Re: Conditional branch in tree builder based on DOM state from Maciej Stachowiak on 2009-01-03 (public-html@w3.org from January 2009)

From: Maciej Stachowiak <mjs@apple.com>
Date: Sat, 03 Jan 2009 09:13:43 -0800
To: Jonas Sicking <jonas@sicking.cc>
Cc: Ian Hickson <ian@hixie.ch>, Henri Sivonen <hsivonen@iki.fi>, HTMLWG WG <public-html@w3.org>
Message-id: <84A05DC2-1C9F-4430-8426-338BBC657D2D@apple.com>

On Jan 2, 2009, at 6:31 PM, Jonas Sicking wrote:

> On Fri, Jan 2, 2009 at 6:21 PM, Maciej Stachowiak <mjs@apple.com>  
> wrote:
>>
>> On Jan 2, 2009, at 5:09 AM, Jonas Sicking wrote:
>>
>>>
>>> I agree that this would complicate a parser implementation that
>>> doesn't do speculative parsing while blocked for <script>s. However
>>> the extra complication is very small compared to the complication
>>> added to speculative parsers.
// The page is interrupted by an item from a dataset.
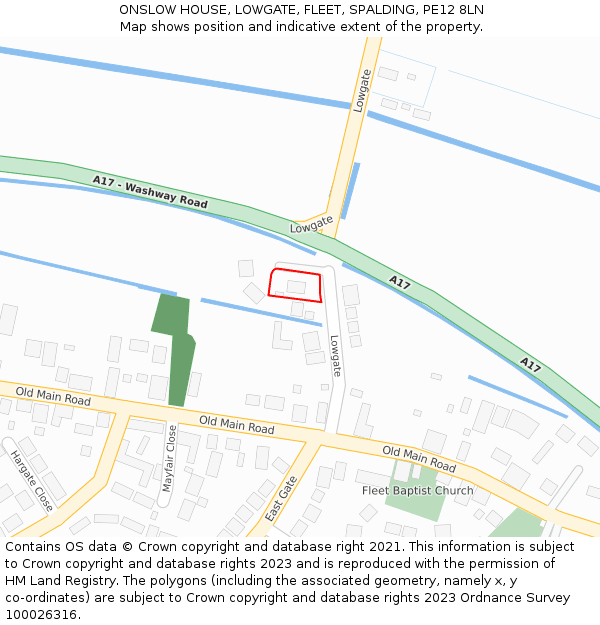 ONSLOW HOUSE, LOWGATE, FLEET, SPALDING, PE12 8LN: Location map and indicative extent of plot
Additionally, it does simplify the
>>> interface between the parser and the DOM since with this and the  
>>> other
>>> change that has been proposed there is no need to read data back  
>>> from
>>> the DOM. This interface simplification is likely about the same as
>>> adding an extra flag to each node in the tag stack.
>>>
>>> Also, any competitive browser is going to have to do speculative
>>> parsing. The performance gains from doing so is so substantial that
>>> not doing it is not really an option.
>>
>> WebKit trunk does speculative parsing but we don't require anything  
>> like
>> this (since we don't care about reusing the tokens - tokenizing is  
>> cheap -
>> and we haven't cared so far about multithreaded parsing). In fact  
>> it seems
>> to me it would make things more complicated if we were required to
>> distinguish between parser-added and script-added children at parse  
>> time.
>
> Sorry, I got mixed up regarding why we made this request.
>
> Do note though that you don't need to distinguish between parser-added
> children and script-added children in the node though. All you need to
> do is add information to the stack of open elements regarding if the
> parser has added children to the node or not. It's likely that the
> stack already contains information other than the node itself, such as
> if the node is a formatting node or not, so adding an extra bit should
> be no work.

I'll tentatively agree that iit doesn't sound like a big complication  
(we do indeed have info besides the node in the stack of open  
elements). I would have to ask one of our parsing experts to be sure.  
One thing I wonder about: would this require some new behavior to be  
implemented for the case where a node has children, but not parser- 
added children?

> There is a small amount of work required to set this extra bit to true
> though any time the parser adds a child to the node. However this
> amount of work hardly seems enough to sacrifice the ability to do
> off-main-thread parsing.

It does sound like a good goal to support doing significant pieces of  
work on a separate thread, if the changes required are minor. In this  
case though, it sounds like off-the-main-thread parsing can at least  
in theory be done without any changes to the algorithm, though in a  
slightly roundabout way. One thing I am uncertain of here is the  
actual benefit of parsing on a separate thread. Do you have any  
performance results from your prototoype work so far?

Regards,
Maciej

Received on Saturday, 3 January 2009 17:14:25 UTC